The Andean ancient grain has a distinct flavor profile which is loved by chefs around the world. The flavor is quite hearty, slightly nutty. It pairs well in salads, with red meats, as coatings or simply as an alternative staple instead of potatoes or rice. The darker colored quinoa’s (red, purple, black) have an even nuttier flavor and can be used were one would opt for brown rice. Black quinoa is best cooked al-dente and is an excellent complement to salads or dishes that need a playful touch.

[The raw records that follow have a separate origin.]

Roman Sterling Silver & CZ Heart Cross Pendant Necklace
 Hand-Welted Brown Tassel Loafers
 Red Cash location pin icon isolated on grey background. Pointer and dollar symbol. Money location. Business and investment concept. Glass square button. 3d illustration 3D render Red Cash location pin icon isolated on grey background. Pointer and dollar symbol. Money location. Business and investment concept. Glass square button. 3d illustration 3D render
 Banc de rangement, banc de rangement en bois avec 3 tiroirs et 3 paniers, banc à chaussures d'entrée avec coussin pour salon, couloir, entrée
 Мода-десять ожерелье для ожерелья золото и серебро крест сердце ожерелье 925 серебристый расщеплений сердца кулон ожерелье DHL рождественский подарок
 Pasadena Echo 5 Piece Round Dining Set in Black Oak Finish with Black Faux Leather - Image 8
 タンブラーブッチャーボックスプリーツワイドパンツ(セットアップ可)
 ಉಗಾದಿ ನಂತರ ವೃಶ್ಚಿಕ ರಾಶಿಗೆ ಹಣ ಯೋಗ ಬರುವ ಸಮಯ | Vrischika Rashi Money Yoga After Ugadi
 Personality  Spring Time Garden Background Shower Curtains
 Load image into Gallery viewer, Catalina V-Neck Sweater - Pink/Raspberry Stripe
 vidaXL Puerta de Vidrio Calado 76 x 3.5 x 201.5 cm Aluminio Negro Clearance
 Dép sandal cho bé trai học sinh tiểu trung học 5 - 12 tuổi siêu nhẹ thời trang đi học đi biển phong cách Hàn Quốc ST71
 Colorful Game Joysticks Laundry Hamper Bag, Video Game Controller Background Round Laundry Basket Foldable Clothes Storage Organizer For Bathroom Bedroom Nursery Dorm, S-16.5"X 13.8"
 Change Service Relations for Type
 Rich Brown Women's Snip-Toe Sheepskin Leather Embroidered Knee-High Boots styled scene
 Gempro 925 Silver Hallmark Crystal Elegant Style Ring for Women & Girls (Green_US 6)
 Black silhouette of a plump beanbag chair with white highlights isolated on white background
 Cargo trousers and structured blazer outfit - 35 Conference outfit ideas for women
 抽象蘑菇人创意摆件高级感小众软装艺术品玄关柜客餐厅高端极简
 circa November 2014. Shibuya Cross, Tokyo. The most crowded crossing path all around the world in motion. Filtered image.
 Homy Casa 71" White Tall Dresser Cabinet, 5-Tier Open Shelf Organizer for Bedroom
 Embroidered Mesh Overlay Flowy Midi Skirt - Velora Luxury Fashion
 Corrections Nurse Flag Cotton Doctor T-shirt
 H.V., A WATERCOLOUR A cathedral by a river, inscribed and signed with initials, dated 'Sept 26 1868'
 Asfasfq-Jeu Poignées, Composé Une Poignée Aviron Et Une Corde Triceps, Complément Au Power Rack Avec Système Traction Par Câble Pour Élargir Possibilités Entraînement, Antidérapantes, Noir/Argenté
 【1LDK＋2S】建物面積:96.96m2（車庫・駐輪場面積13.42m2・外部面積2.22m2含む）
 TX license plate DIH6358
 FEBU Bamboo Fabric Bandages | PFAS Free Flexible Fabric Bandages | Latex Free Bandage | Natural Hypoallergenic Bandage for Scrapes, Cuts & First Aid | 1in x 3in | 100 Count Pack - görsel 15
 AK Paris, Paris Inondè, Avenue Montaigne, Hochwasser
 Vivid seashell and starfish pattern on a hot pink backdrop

Even though it’s nutritious benefits and unique flavor profile has been known since the 1980’s, when food writers in New York picked up on the Andean Grain, quinoa never reached the general public. Quinoa remained a niche health store product that was consumed by sports athletes, health conscious consumers, astronauts and used by some chefs in Latin American styled dishes.
Everything changed for quinoa in 2008. In that year Oprah Winfrey started her 21-day "cleanse diet" which featured "the complete food grain" Quinoa. Soon after, large retailers in the USA, such as Wholefoods, started promoting quinoa. Oprah’s did not know that her diet would change the lives of thousands of farming communities in Peru, Bolivia and Ecuador as demand for the ancient grain increased rapidly.
When the United Nations announced "International year of Quinoa" in 2013, demand for this ‘new’ ancient superfoods increased by nearly 500% and quinoa became a gold-rush product for several years to come.
After nearly 10 years of producingand marketing quinoa the product (and market) has matured. Peru and Bolivia are still the main producers of quinoa with a market share of approx. 65-70%. Other producing countries such as China, India, USA and various European countries are gaining market share each year with innovative quinoa crops that are produced in less harsh environments and are cheaper and easier to harvest. The flavor profile and nutritional values of Andes Altiplano quinoa is still superior. Combined with the marketing value of "Andean grains" and "Superfoods from the Andes", quinoa from Peru and Bolivia continues to thrive.